• _Work request_
Your task is to transcribe the lines from the start of the data below through the line containing "VICTORIA ROYALS Multi", inclusive, exactly as they stand and without the pictures.

• _Data for this exercise_
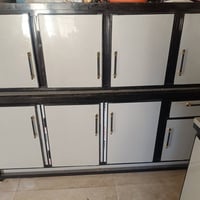 كاونتر للبيع الطول 5 مترات السعر 400 وبي مجال 07803628922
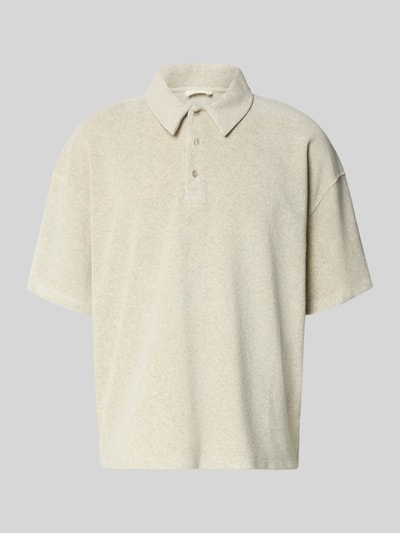 Produktfoto, Relaxed-Fit Herren Poloshirt von American Vintage, Modell 'BIEBAY', beige meliert, weiche Textur, Knopfleiste, Rückenlänge 71 cm bei Größe M/L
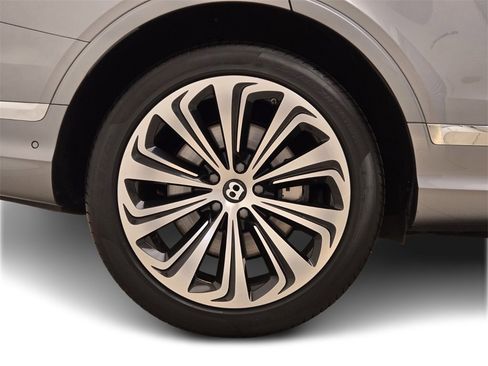 Certified 2022 Bentley Bentayga V8 image 7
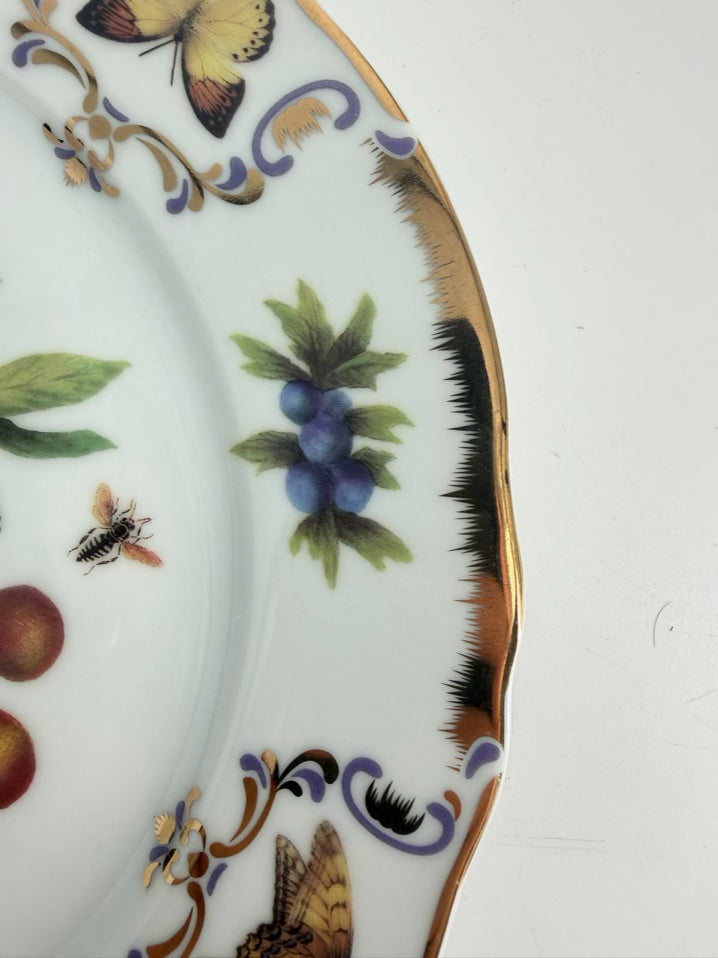VICTORIA ROYALS Multi Colored China Setting of 4 Salad & 4 Dinner Plates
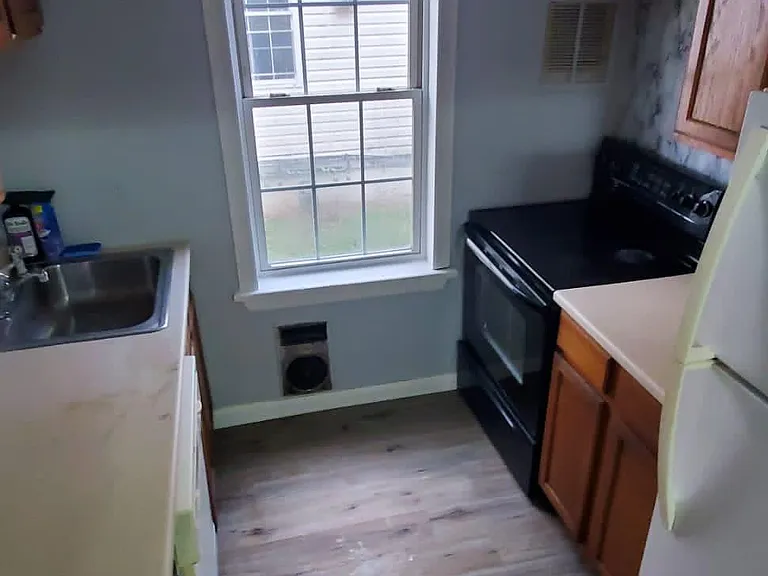 95 Maffett St #1 — Photo 8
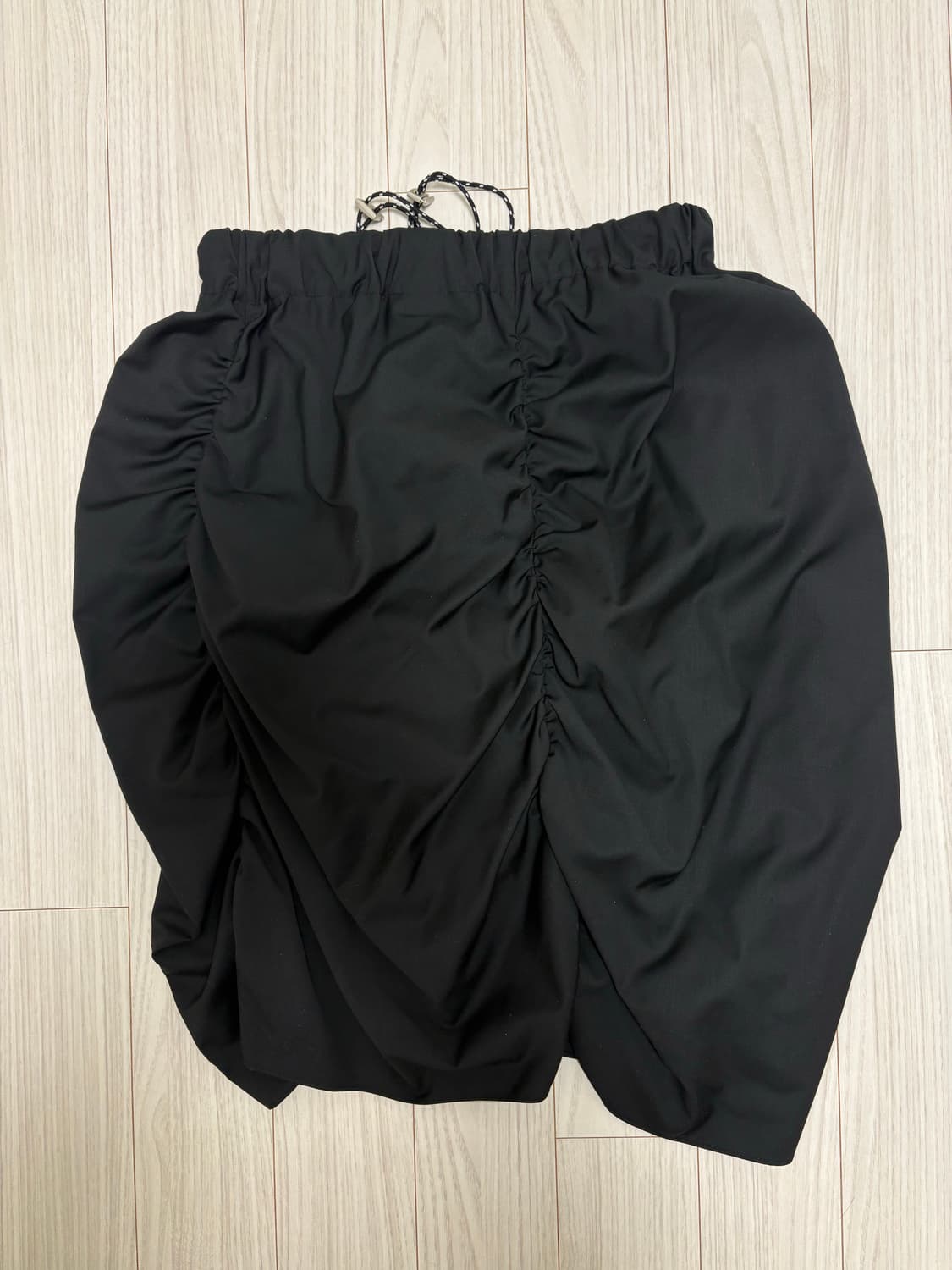 언노운블루 셔링 미디스커트 상품이미지2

• _Task solution_
 كاونتر للبيع الطول 5 مترات السعر 400 وبي مجال 07803628922
 Produktfoto, Relaxed-Fit Herren Poloshirt von American Vintage, Modell 'BIEBAY', beige meliert, weiche Textur, Knopfleiste, Rückenlänge 71 cm bei Größe M/L
 Certified 2022 Bentley Bentayga V8 image 7
VICTORIA ROYALS Multi Colored China Setting of 4 Salad & 4 Dinner Plates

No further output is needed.